Derek Gregory highlights a similar issue in the work of geographer Alan Pred, who explicitly uses wordplay and textual strategies (like Perec, Pred utilizes white space, unconventional line breaks and vertical text) to introduce a spatial element into his writing and to let it perform what it is writing about. Pred describes this as an exploitation of ‘the landscape of the page’ and, while it is true that his reader is forced to be aware, like Derrida’s, that a point is being made about the performative power of writing, his account of the landscapes he describes remains a description and not the landscape itself. Gregory finds more success in Pred’s inventive visual mappings of the itinerary of workers’ everyday lives, where the routes traced by workers are superimposed in a temporal-spatial representation onto the terrain of the city. But, like Certeau and Perec, description is still anchored to the page no matter how much it drifts.

Certeau seems aware of these issues in his comparison between walking and speech acts. Just as a written text cannot represent for us what the speaking (or singing) voice can do in the process of enunciation, neither can the tracing of an itinerary on a map give us a clue as to the processes involved in traversing territory:

Walking affirms, suspects, tries out, transgresses, respects, etc., the trajectories it “speaks.” All the modalities sing a part in this chorus, changing from step to step, stepping in through proportions, sequences, and intensities which vary according to the time, the path taken and the walker. These enunciatory operations are of an unlimited diversity.

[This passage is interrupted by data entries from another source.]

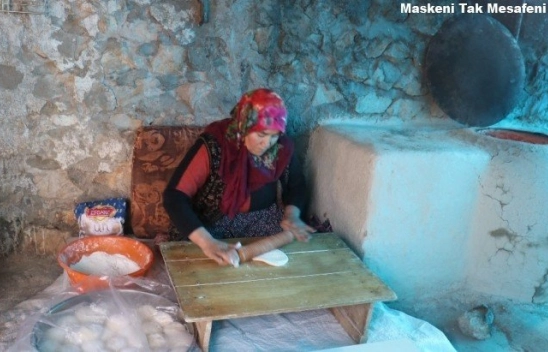 Organik lezzeti Bilik Ekmeği korona mağduru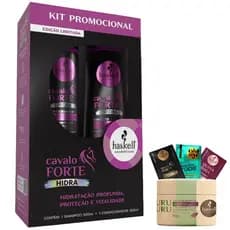 Promopack Sh 500ml Cond 300ml Haskell Cavalo Forte Hidra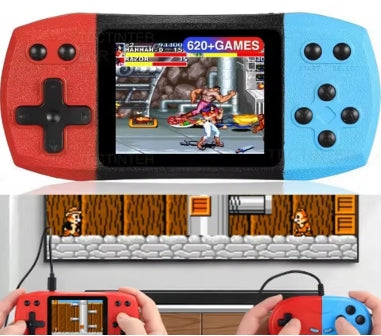 Consola de videojuegos retro de 3.0 pulgadas tiene 620 juegos clásicos incorporados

They therefore cannot be reduced to their graphic trail.

(Michel de Certeau, The Practice of Everyday Life, p. 99.)

Certeau’s reliance on a musical vocabulary is particularly telling. Henri Lefebvre, meanwhile, is interested throughout his later work with a theory that begins with the body. Indeed, Lefebvre’s insistence on the centrality of the body and on others’ bodies, constantly encountered in the production of social space, is one of the areas in which representations of space and representational spaces are seen to come into close relationship with each other. Lefebvre finds the representation of space connected to the dominant order (what Jacques Lacan would call the Symbolic Order) to be one that relies on illusory symbols:

Perhaps it would be true to say that the place of social space as a whole has been usurped by a part of that space endowed with an illusory special status – namely, the part which is concerned with writing and imagery, underpinned by the written text (journalism, literature), and broadcast by the media; a part, in short, that amounts to abstraction wielding awesome reductionist force vis-à-vis ‘lived’ experience.

(Henri Lefebvre, The Production of Space, p. 52.)

In contrast to this, Lefebvre suggests that music and other ‘non-verbal signifying sets’ (painting, sculpture, architecture, theatre) that rely to a greater extent on space than do ‘verbal sets’ are more likely to keep a sense of space alive, thus challenging the reductionist abstraction of the verbal.

For Alain Badiou, theatre is distinct from the other arts because of its reliance on being acted out in space; the fact that it cannot come together until the time and the space of performance gives it an ‘evental’ quality that makes each performance singular:

[T]heater is the assemblage of extremely disparate components, both material and ideal, whose only existence lies in the performance, in the act of theatrical representation. These components (a text, a place, some bodies, voices, costumes, lights, a public…) are gathered together in an event, the performance, whose repetition, night after night, does not in any sense hinder the fact that, each and every time, the performance is evental, that is, singular.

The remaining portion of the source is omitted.